# Data excerpt
· · · · ·

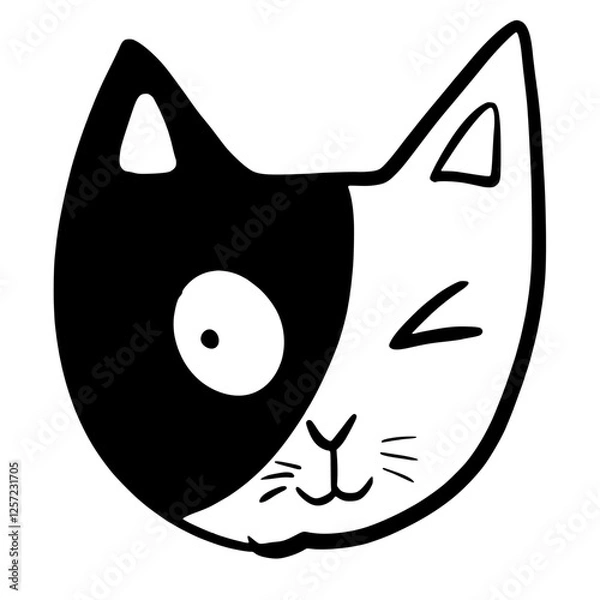 Fototapeta Cat, Kitten, Party, Funny, Cute, Doodle, Cartoon, Sketch, Blackwork, Lineart, Whimsical, Minimal, Hat, Silly, Comic, Quirky, Illustration, Ink, Monochrome, Hand-drawn, Feline, Character, Artistic, Pla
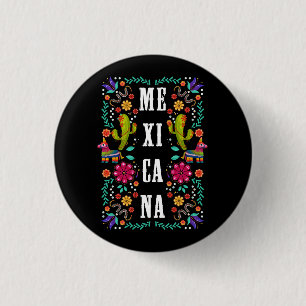 Bóton Redondo 2.54cm Viva el Mexico Proud Mexicana Símbolo Flor do Méxi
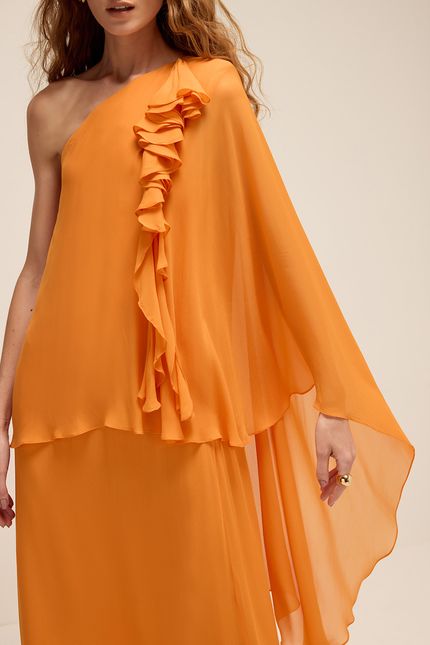 Vestido festa capa flor laranja sunset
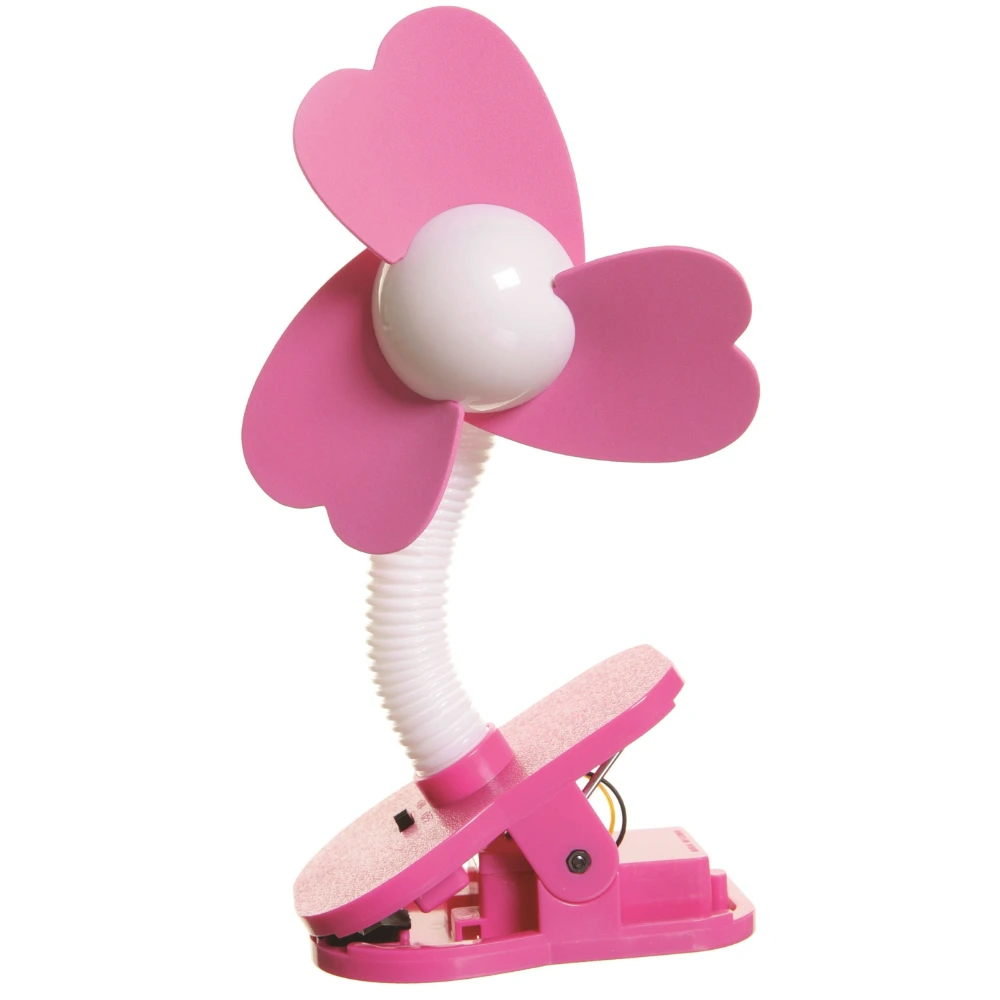 Dreambaby Clip-On Stroller Fan, White with Soft Pink Foam Fins, Flexible Adjustable Neck, Battery Operated 2 x AA, Pool and Park, 3 Months and Above, Pink - F279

· · · · ·

# What to work on
The whole listing should be reproduced exactly. Images don't go in.

# Completed exercise
 Fototapeta Cat, Kitten, Party, Funny, Cute, Doodle, Cartoon, Sketch, Blackwork, Lineart, Whimsical, Minimal, Hat, Silly, Comic, Quirky, Illustration, Ink, Monochrome, Hand-drawn, Feline, Character, Artistic, Pla
 Bóton Redondo 2.54cm Viva el Mexico Proud Mexicana Símbolo Flor do Méxi
 Vestido festa capa flor laranja sunset
 Dreambaby Clip-On Stroller Fan, White with Soft Pink Foam Fins, Flexible Adjustable Neck, Battery Operated 2 x AA, Pool and Park, 3 Months and Above, Pink - F279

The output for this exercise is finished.